Movie Info
Movie Name: The Witch
Studio: Parts and Labor
Genre(s): Horror/Mystery/Suspense
Release Date(s): January 27, 2015 (Sundance Film Festival)/February 19, 2016 (US)
MPAA Rating: R
A Puritan family is banished and sets up a home at the edge of a large forest. When the family’s baby disappears, the children blame a witch living in the woods while the adults believe it to have been stolen by a wolf. As more and more strange occurrences begin to happen, the family question if they have been cursed…and could the witch be living among them?
Written and directed by Robert Eggers, The Witch is a horror suspense film. The film premiered at Sundance in 2015 but did not receive a release until early 2016. The movie was released to positive reviews from critics and a strong box office compared to its modest budget.
I heard good things about The Witch almost immediately. The trailer and the visuals looked strong, but I wasn’t able to see it until it was released on DVD/Blu-Ray. Instead of being a letdown, The Witch lived up to the good critiques and was worth the wait.
The Witch really isn’t a horror film in a lot of ways. The movie is more Hitchcockian in nature in that it deals with a lot of paranoia and general terror. Despite a title implying a monster, the witch really isn’t much of a factor to the story. It is more about a family destroying itself from the inside due to their religion and doubts. The story has a lot of shared atmosphere with something like The Innocents and it also reminded me of H.P. Lovecraft’s “The Colour from Out of Space” (1927)…it is more nerve-wracking because you can see the people crumbling into insanity.

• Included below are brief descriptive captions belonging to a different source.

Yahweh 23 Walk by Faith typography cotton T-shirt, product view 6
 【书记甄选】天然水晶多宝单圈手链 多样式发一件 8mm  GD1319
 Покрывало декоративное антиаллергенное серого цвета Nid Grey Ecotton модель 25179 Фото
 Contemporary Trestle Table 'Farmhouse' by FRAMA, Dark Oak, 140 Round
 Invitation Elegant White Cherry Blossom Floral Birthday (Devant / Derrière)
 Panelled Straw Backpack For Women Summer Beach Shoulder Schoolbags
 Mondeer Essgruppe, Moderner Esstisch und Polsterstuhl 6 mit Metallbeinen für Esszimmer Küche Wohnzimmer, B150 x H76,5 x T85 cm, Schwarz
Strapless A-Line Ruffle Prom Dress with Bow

The cast is quite good. Though an ensemble to begin, Anya Taylor-Joy quickly becomes the star of the film and does hold the screen as the girl taking the blunt of the blame from her family. The twins (played by Ellie Grainger and Lucas Dawson) are rather evil and are part of the reason I’m reminded of The Innocents. Both Ralph Ineson and Kate Dickie as the parents are intentionally weak and shattered due to events and quite unlikable. Harvey Scrimshaw does a really good job with a difficult death scene and the cast as a whole also pulls off the more archaic style of speaking.
The visuals for the movie were quite good because they were really low budget. The film basically utilized natural light (which did make some scenes almost too dark to see), but it gave a starkness to the picture that was necessary…plus, some great sound editing led to some jumps.
The Witch is a horror film that isn’t for everyone. There is a lot going on in it with faith, family, and the differences between young and old that make it much more layered than many horror films. If you want a jump a minute, don’t see The Witch, but if you want a slow, deliberate horror film that builds, check it out!